How to process SQS queue with lambda function (not via scheduled events)?

Amazon Web-ServicesAws LambdaAmazon Sqs

Amazon Web-Services Problem Overview


Here is the simplified scheme I am trying to make work:

> http requests --> (Gateway API + lambda A) --> SQS --> (lambda B > ?????) --> DynamoDB

So it should work as shown: data coming from many http requests (up to 500 per second, for example) is placed into SQS queue by my lambda function A. Then the other function, B, processes the queue: reads up to 10 items (on some periodical basis) and writes them to DynamoDB with BatchWriteItem.

The problem is that I can't figure out how to trigger the second lambda function. It should be called frequently, multiple times per second (or at least once per second), because I need all the data from the queue to get into DynamoDB ASAP (that's why calling lambda function B via scheduled events as described [here][1] is not a option)


Why don't I want to write directly into DynamoDB, without SQS?

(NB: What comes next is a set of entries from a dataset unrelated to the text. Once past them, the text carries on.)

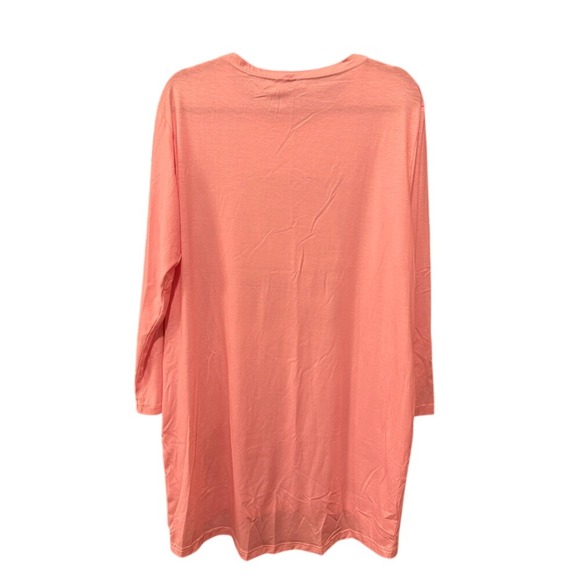 Womens Long Sleeve Tunic Dress Cat Graphic Pink Pockets Casual Plus Size - Picture 2 of 3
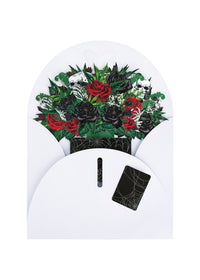 Factory Price Gothic Skull & Rose 3D Pop-Up Card Dark Floral 3D Flower Bouquet Greeting Card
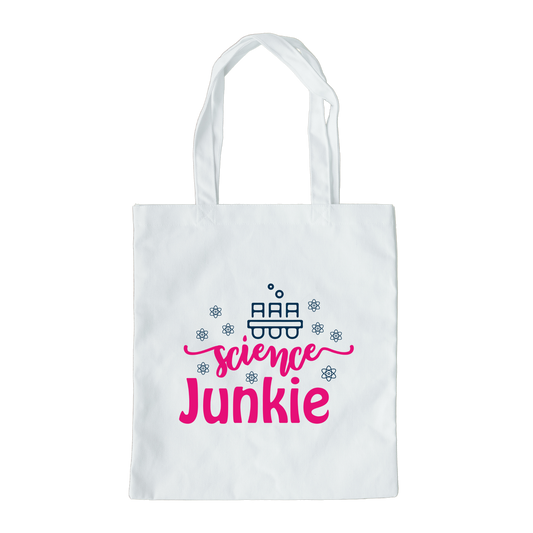 Science Junkie Tote Bag, Reusable Canvas Tote, Science Tote Bag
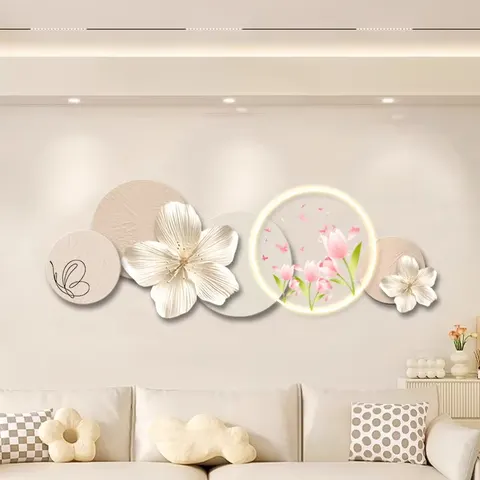繁花 单幅 装饰画 奶油风 客厅背景墙挂画 LED带灯画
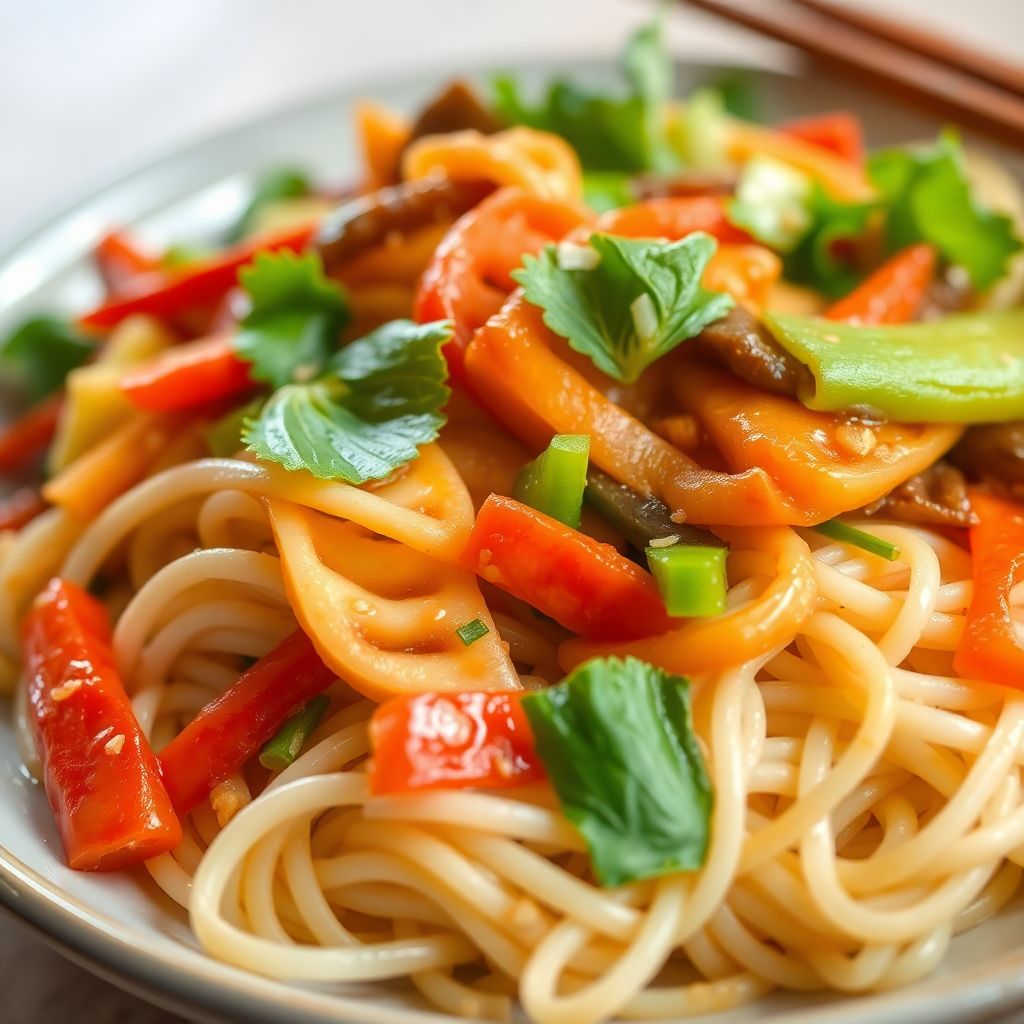 Asiatische Reisnudel-Gemüse-Pfanne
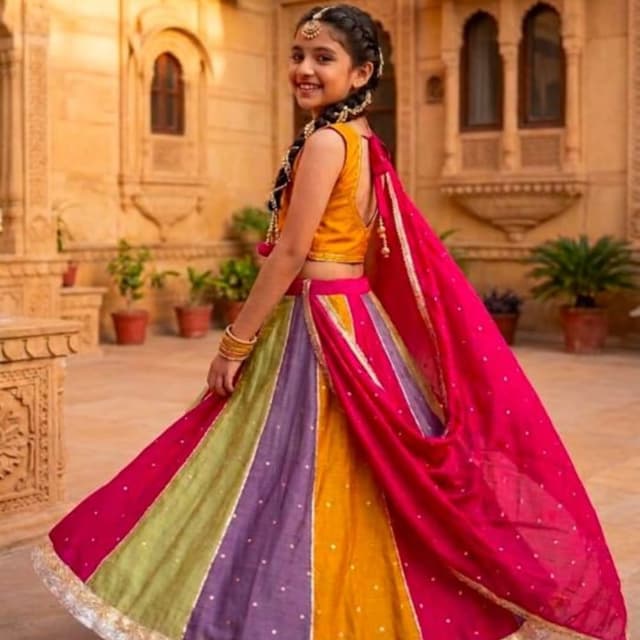Yellow, Hot Pink, Purple, Lime Green Lehenga Choli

That would be great for me to avoid using SQS at all. The problem that I am trying to address with SQS is DynamoDB throttling. Not even throttling itself but the way it is handled while writing data to DynamoDB with AWS SDK: when writing records one by one and getting them throttled, AWS SDK silently retries writing, resulting in increasing of the request processing time from the http client's point of view.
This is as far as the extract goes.